··· INFORMATION SUPPLIED ···

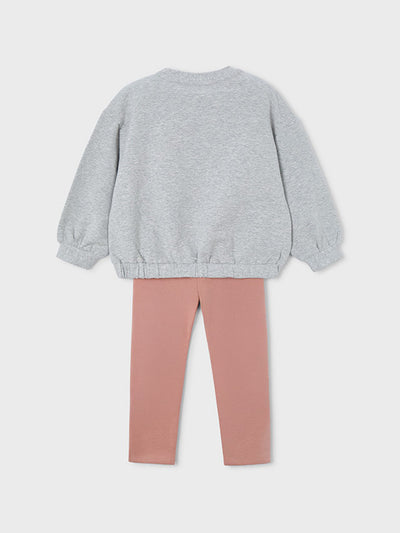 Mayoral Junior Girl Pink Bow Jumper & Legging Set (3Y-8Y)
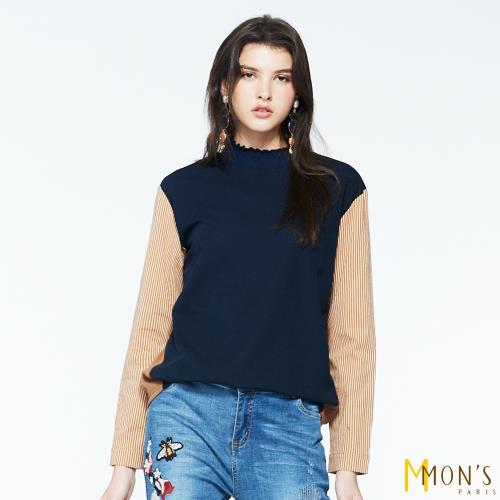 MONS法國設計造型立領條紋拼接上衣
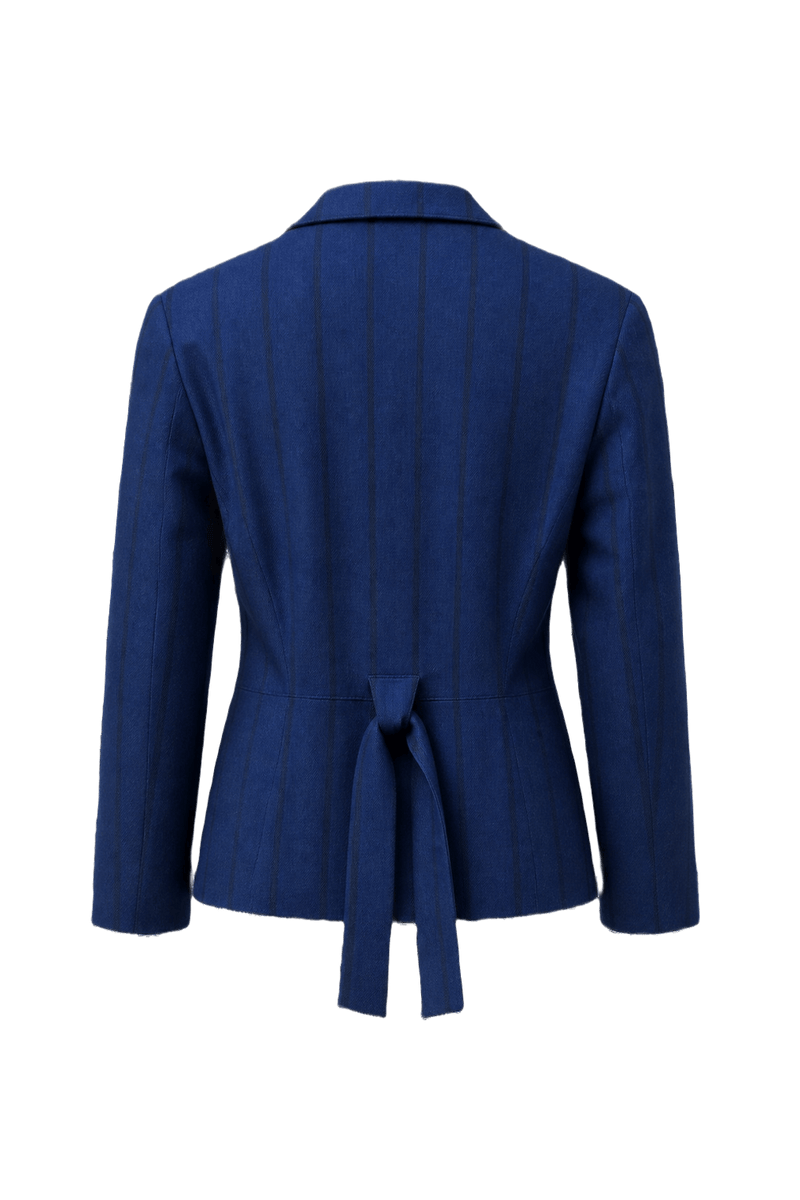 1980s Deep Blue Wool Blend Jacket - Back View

···

WORK REQUEST: Go through the material above and retype every line exactly, without the images.

FINAL ANSWER:
 Mayoral Junior Girl Pink Bow Jumper & Legging Set (3Y-8Y)
 MONS法國設計造型立領條紋拼接上衣
 1980s Deep Blue Wool Blend Jacket - Back View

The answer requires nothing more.